FIG. 3(a) shows a result that is obtained as an index of strength (1) in which various 2.5% tensile elastic moduli of the cable related to the first embodiment are multiplied by a coefficient of static friction of internal insulated cores. FIG. 3(b) shows a result that is obtained as an index of strength (2) in which various 2.5% tensile elastic moduli are multiplied by a coefficient of dynamic friction of internal insulated cores. FIG. 3(c) shows a result of the number of times of winding at wire breakage for various elastic regions (%).

FIG. 4 is an explanatory view showing a state in which a conventional cable is used for a blow dryer.

DETAILED DESCRIPTION OF EMBODIMENTS

First Embodiment

A cable related to a first embodiment is explained according to the structural diagram of FIG. 1(a).
As shown in FIG. 1(a), a cable 100 related to a first embodiment is provided with a plurality of internal insulated cores 10, each of which is formed by covering a conductor 1 comprising a twisted wire with an insulator 2, wherein the insulator 2 has a tensile elastic modulus higher than that of a vinyl chloride resin for an electric wire, and has a friction coefficient lower than that of the vinyl chloride resin for an electric wire.
Also, as shown in FIG. 1(a), the cable 100 related to the first embodiment has one or more internal insulated cores 10 formed by the conductors 1 and the insulators 2 (the figure shows three cores as an example) and has a sheath 101 that is molded to fill around the peripheries of the specified number of twisted internal insulated cores (insulated cores). As a material of the sheath 101, as long as it is a resin, it is not particularly limited, but from the viewpoint of ease of handling the cable, it is preferable to use polyvinyl chloride (PVC).
The conductors 1 formed by twisted wire are not particularly limited and can use various types of metal wires, for example, copper wires.
A material of these insulators 2 is not particularly limited, but in light of having a high strength, breakage resistant TPE (thermoplastic elastomer) is preferable. For such breakage resistant TPE, various resins can be used such as olefin-based thermoplastic elastomer (TPO), urethane-based thermoplastic elastomer (TPU), ester-based thermoplastic elastomer (TPEE), and amide-based thermoplastic elastomer (TPAE). For the above various resins, more specifically, for example, PBT (polybutylene terephthalate), PE (polyethylene), PP (polypropylene), PA6 (polyamide6), PA11 (polyamidell), PA12 (polyamide12), PET (polyethylene terephthalate), PBN (polybutylene naphthalate), PVDF (polyvinylidene fluoride), ETFE (ethylene tetrafluoroethylene), PTFE (polytetrafluoroethylene), PPS (polyphenylene sulfide), PEEK (polyether ether ketone), EVOH (ethylene vinyl alcohol copolymer), ABS (acrylonitrile butadiene styrene), EVA (ethylene vinyl alcohol), and PI (polyimide), more preferably PBT (polybutylene terephthalate), can be used.

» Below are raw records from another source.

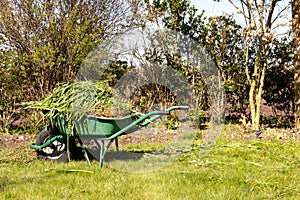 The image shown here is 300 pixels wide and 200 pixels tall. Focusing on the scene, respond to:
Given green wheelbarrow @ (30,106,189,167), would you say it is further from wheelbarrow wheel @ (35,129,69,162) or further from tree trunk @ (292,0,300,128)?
tree trunk @ (292,0,300,128)

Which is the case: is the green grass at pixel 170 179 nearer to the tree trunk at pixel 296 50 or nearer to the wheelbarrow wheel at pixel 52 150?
the wheelbarrow wheel at pixel 52 150

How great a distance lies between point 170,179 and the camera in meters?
3.00

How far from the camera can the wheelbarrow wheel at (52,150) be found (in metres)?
3.82

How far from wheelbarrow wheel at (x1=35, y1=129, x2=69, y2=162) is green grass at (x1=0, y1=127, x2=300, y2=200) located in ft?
0.40

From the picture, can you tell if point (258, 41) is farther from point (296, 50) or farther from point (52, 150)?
point (52, 150)

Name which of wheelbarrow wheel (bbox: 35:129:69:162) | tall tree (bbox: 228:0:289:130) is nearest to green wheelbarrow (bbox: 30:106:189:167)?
wheelbarrow wheel (bbox: 35:129:69:162)

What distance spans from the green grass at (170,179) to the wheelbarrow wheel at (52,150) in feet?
0.40

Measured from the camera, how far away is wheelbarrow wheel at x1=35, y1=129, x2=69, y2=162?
3.82 meters

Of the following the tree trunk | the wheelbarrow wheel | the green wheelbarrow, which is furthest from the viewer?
the tree trunk

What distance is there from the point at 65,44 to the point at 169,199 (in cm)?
389

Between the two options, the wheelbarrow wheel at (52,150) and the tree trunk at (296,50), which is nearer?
the wheelbarrow wheel at (52,150)

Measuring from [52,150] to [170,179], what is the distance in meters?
1.50

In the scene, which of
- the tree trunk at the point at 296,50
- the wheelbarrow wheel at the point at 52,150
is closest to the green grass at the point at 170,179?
the wheelbarrow wheel at the point at 52,150

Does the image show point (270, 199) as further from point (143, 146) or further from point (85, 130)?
point (143, 146) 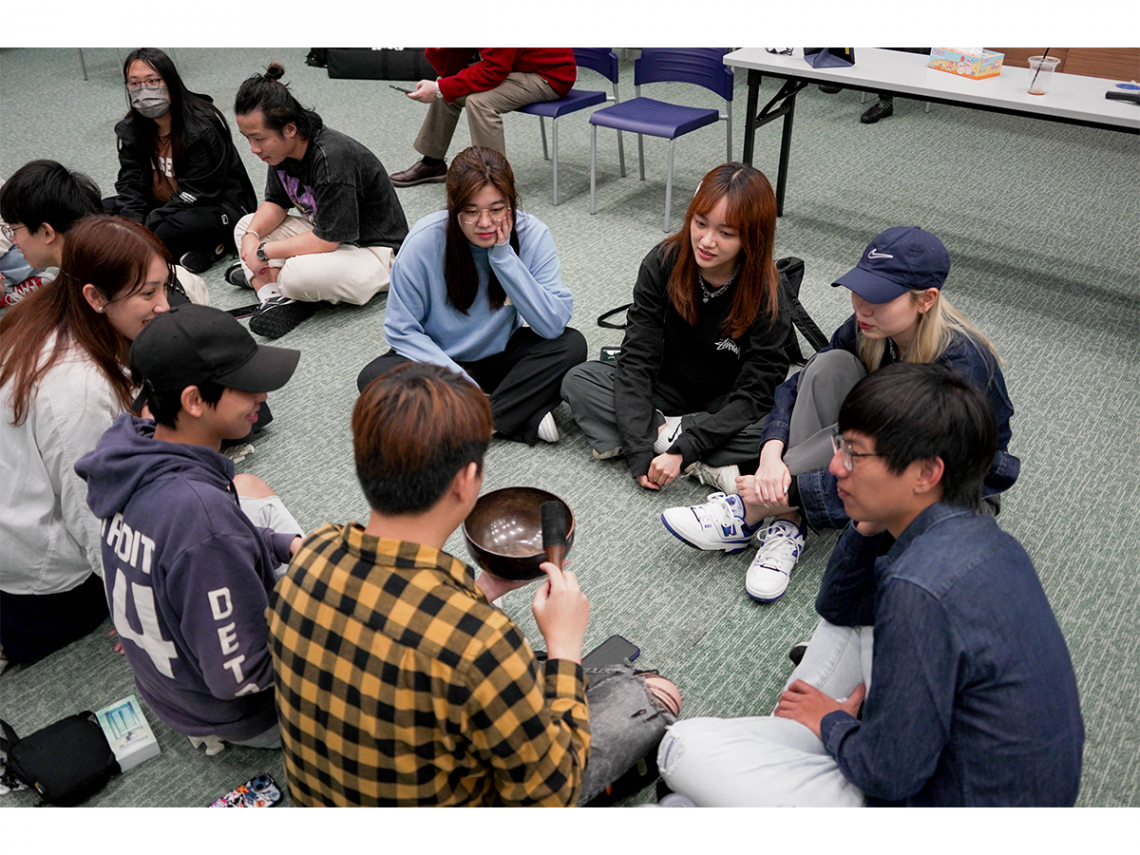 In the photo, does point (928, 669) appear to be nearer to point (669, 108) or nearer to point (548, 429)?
point (548, 429)

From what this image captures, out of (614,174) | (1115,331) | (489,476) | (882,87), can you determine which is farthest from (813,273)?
(489,476)

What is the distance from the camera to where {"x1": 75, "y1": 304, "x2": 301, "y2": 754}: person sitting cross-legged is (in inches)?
54.2

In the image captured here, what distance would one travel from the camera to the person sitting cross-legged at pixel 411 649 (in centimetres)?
107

Furthermore, the above tensile elastic modulus shows Young's modulus or elastic modulus (MPa), which refer to physical properties of a material showing ease of deformation, and is measured according to JIS (Japanese Industrial Standards) JIS K7127 (method of measuring a tensile elastic modulus). For example, as one index value that is used as a characteristic of a cabtire cable, an elastic modulus is listed that is measured when the cable is subjected to a strain of 2.5% with respect to the overall cable length (2.5% tensile elastic modulus).

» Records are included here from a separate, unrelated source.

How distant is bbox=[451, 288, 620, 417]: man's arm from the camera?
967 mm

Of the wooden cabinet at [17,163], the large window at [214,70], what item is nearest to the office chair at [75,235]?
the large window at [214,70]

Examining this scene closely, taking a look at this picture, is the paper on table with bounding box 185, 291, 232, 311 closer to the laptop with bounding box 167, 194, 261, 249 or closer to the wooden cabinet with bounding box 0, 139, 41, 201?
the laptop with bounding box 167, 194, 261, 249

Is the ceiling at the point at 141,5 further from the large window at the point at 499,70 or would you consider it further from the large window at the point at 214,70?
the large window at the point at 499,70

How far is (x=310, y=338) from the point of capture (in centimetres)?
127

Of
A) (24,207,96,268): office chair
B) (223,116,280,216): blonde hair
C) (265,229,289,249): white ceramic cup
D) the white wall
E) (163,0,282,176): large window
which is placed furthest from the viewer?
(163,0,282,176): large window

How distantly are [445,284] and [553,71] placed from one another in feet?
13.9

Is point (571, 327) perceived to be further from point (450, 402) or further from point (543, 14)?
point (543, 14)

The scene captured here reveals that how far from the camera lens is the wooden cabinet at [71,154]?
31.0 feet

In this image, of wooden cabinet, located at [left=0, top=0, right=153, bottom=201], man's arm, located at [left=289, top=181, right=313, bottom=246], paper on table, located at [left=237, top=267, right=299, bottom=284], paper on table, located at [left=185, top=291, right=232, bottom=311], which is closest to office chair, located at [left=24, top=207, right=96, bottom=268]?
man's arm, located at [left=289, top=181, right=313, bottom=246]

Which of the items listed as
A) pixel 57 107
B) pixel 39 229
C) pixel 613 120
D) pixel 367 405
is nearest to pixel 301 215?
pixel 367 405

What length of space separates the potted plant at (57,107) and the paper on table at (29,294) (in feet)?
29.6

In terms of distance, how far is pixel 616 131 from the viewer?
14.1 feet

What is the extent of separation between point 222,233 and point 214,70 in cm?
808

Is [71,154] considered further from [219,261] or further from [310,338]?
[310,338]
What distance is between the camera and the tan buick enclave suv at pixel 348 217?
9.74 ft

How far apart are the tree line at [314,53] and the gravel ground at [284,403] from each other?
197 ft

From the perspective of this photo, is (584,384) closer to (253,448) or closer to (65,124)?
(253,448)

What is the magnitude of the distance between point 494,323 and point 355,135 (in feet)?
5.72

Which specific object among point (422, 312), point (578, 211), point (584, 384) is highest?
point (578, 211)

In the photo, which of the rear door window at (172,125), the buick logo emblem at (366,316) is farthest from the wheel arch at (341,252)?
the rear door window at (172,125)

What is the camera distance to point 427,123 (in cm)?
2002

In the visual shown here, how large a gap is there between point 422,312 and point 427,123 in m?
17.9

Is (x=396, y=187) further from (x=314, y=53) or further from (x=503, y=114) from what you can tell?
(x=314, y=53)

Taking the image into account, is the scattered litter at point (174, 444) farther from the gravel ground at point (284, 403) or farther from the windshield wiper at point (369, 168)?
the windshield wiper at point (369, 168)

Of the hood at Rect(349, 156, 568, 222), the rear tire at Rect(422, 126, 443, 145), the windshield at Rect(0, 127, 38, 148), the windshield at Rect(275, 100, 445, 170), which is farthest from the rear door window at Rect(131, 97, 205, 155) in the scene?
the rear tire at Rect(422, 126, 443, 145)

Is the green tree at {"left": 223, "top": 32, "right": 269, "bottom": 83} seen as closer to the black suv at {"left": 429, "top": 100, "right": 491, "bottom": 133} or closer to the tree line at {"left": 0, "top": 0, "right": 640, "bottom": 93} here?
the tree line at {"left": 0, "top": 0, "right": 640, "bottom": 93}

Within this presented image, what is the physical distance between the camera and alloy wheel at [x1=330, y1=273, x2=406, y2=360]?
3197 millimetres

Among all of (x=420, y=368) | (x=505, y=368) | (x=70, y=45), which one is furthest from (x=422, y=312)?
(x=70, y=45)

Regarding the tensile elastic modulus of the insulators 2, as long as the tensile elastic modulus of the insulators 2 is higher than that of a vinyl chloride resin for an electric wire, it is not particularly limited, but it is more preferable that the 2.5% tensile elastic modulus is 441 MPa or higher and 800 MPa or lower. In this case, by optimizing the tensile elastic modulus, the strength of the cable 100 increases, breakage resistance increases even if the cable is wound several thousand times or more, flexibility is also provided that also decreases a force required for bending of the cable 100, easy operability is provided, and the cable is durable for repeated bending use over a long period of time.

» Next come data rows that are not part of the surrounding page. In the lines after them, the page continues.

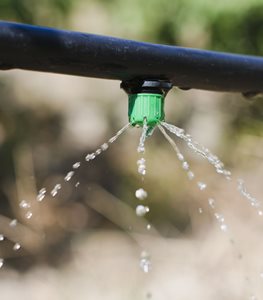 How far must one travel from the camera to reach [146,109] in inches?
48.5

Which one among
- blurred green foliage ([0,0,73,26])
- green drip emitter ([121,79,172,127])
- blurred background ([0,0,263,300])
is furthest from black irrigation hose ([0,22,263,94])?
blurred green foliage ([0,0,73,26])

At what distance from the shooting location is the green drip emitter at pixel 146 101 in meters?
1.23

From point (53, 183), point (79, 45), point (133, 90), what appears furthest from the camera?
point (53, 183)

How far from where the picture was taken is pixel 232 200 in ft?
15.4

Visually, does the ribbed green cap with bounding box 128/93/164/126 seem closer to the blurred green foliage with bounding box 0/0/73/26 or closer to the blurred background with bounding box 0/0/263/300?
the blurred background with bounding box 0/0/263/300

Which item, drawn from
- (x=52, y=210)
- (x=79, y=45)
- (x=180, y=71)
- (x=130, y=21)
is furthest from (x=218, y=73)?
(x=52, y=210)

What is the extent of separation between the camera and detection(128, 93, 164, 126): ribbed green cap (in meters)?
1.23

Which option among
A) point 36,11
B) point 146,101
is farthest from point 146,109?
point 36,11

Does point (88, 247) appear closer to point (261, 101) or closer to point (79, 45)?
point (261, 101)

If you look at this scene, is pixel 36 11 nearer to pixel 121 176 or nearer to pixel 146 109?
pixel 121 176

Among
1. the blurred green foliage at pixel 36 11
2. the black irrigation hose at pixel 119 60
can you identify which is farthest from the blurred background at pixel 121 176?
the black irrigation hose at pixel 119 60

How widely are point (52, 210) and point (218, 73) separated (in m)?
3.61

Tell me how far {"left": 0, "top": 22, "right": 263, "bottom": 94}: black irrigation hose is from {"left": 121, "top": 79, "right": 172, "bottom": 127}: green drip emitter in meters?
0.01

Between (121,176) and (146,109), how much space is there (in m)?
3.70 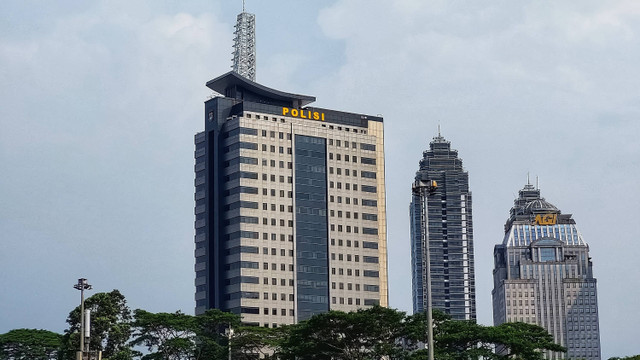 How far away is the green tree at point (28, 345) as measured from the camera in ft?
492

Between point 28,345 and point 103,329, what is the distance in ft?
119

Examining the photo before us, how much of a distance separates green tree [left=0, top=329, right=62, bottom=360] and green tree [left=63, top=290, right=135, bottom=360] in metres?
28.3

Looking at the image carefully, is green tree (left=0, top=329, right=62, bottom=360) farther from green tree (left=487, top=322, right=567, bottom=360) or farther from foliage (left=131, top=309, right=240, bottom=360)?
green tree (left=487, top=322, right=567, bottom=360)

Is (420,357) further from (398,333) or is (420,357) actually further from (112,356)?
(112,356)

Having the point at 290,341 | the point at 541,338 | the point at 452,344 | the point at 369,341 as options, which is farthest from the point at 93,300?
the point at 541,338

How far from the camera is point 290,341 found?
12838 cm

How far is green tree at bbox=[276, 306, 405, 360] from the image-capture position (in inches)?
4914

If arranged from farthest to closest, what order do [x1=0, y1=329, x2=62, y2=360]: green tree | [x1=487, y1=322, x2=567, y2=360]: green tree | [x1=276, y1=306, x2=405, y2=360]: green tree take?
[x1=0, y1=329, x2=62, y2=360]: green tree
[x1=276, y1=306, x2=405, y2=360]: green tree
[x1=487, y1=322, x2=567, y2=360]: green tree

If the 2.5% tensile elastic modulus is lower than 441 MPa, the strength tends to be weak and tends to be insufficient in order for the cable to withstand use for 10 years or more. Furthermore, if the 2.5% tensile elastic modulus is higher than 800 MPa, a force required for bending the cable 100 becomes large, so it tends to become difficult in practice to easily use the cable.
Additionally, the above coefficient of friction includes a coefficient of static friction and a coefficient of dynamic friction. The coefficient of static friction is a proportional constant that determines a maximum frictional force at the moment at which an object in a still state begins to move. The coefficient of dynamic friction is a proportional constant that determines a frictional force that is received by an object that moves at a fixed speed.
Regarding the coefficient of friction of the insulator 2, as long as the coefficient of friction of the insulator 2 is lower than that of a vinyl chloride resin for an electric wire, it is not particularly limited, but it is more preferable that the coefficient of static friction between the internal insulated cores 10 is 0.43 or less and that the coefficient of dynamic friction between the internal insulated cores 10 is 0.27 or less, which are ranges in which generation of buckling breakage is suppressed. In this case, a degree of friction between the internal insulated cores 10 of the cable 100 can be optimally maintained. Even if the cable 100 is wound several thousand times or more, generation of buckling breakage is suppressed, and the cable is durable for repeated bending use over a long period of time.
For other characteristics of the cable 100, in general, included are (i) a region (elastic region) having an elastic restoring force after stretching the cable 100 and (ii) a region (inelastic region) that does not have an elastic restoring force.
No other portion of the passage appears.